The parent company of Alaska Airlines stated it would pay $57 per share for Virgin, which is 47% premium compared with Friday’s closing price, accounted total equity value of $2.6 billion.
This acquisition followed a bidding process that saw Alaska Air and JetBlue Airways square off, but Alaska Air, one of the rare airlines to hold an investment-grade credit rating, ultimately triumphed.
“With our expanded network and strong presence in California, we’ll offer customers more attractive flight options for nonstop travel,” Brad Tilden, the Alaska Air chairman and chief executive, said, “We look forward to bringing together two incredible groups of employees to build on the successes they have achieved as stand-alone companies to make us an even stronger competitor nationally.”
Alaska Air said it expects to finish the deal by Jan. 1, 2017 which would boost its annual revenue by 27% and increase its earnings in the first year.
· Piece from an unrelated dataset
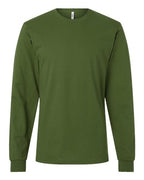 American Apparel Unisex Fine Jersey Long Sleeve Tee - Olive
The combination between Alaska Air and Virgin America, which is expected to undergo scrutiny from the U.S. Justice Department, would create the No. 5 U.S. airline by traffic, eclipsing JetBlue, which currently holds that spot. However, the combined company still would be very small compared with the largest four U.S. airlines companies, all expanded by recent mergers, that control more than 80% of domestic capacity.
Stock price of Alaska Air was down 4.83% to $70.05 while Virgin America jumped up 40.16% to $54.52 during Monday morning trading.